Nog niet zo lang geleden werden de beeldcultuur en internet als heuse bedreigingen voor de literatuur aan de schandpaal genageld. Wie tv kijkt, wordt een couch potato die de moeite niet meer kan opbrengen om een boek te lezen, heette het. Wie uren voor een computerscherm zit te chatten of te gamen, dompelt zich onder in een bad vol kicks en verliest de helderheid van geest die goede literatuur bij uitstek stimuleert. En toen kwam midden jaren negentig de relativistische omslag die ongeveer samenviel met het aanvaarden van de multiculturele maatschappij in het Westen. Zoals we dagelijks worden geconfronteerd met andere culturen, zo is het boek ook één van de vele culturele actoren in de multimediale mix. In plaats van zich af te schermen van die veelheid van invloeden, dient de literatuur omgekeerd die rijkdom van kunstexpressies te omarmen. Literaire geletterdheid werd opengetrokken tot visuele en digitale, kortom: tot culturele geletterdheid.

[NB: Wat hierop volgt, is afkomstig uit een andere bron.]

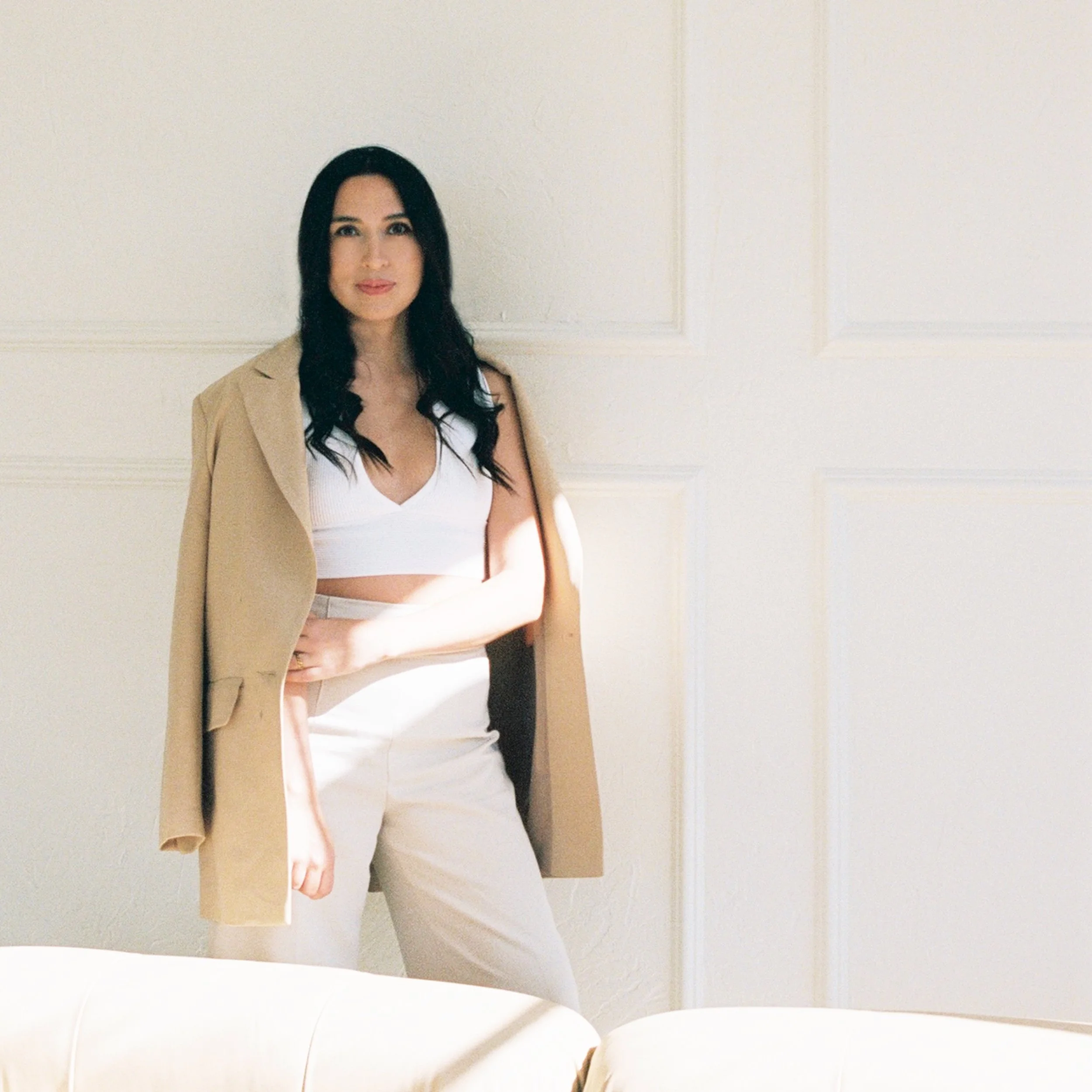 A woman with long black hair, wearing a beige blazer over a white top and beige pants, standing against a plain light-colored wall.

Sinds de aanslagen van nine eleven ligt de multiculturele verscheidenheid van onze samenleving opnieuw onder vuur. Hoe ga je om met culturele verschillen? Hoe ver dient de gastheercultuur de eigen identiteit te loochenen voor of aan te passen aan de gebruiken van de gast? Op dezelfde manier kan je in het multimediale debat de vraag stellen hoe ver de literatuur kan gaan in haar paringsdans met andere media zonder zichzelf helemaal te verliezen. Het besef groeit immers meer en meer dat er net zoveel vormen van geletterdheid bestaan als er kunstvormen zijn. Wie de eigenheid van een geschreven boek en de specifieke kwaliteiten van een videoclip of een interactief computerspel op een hoop gooit, doet deze verschillende kunstvormen geweld aan. Het lijkt er met andere woorden op dat de botsing van de verschillende media vandaag meer en meer doet nadenken over de typische kenmerken van elk medium
| |
| |
an sich. Wat is de kracht en de onmacht van een traditioneel medium als (jeugd)literatuur vergeleken bij het overaanbod aan nieuwe, digitale media?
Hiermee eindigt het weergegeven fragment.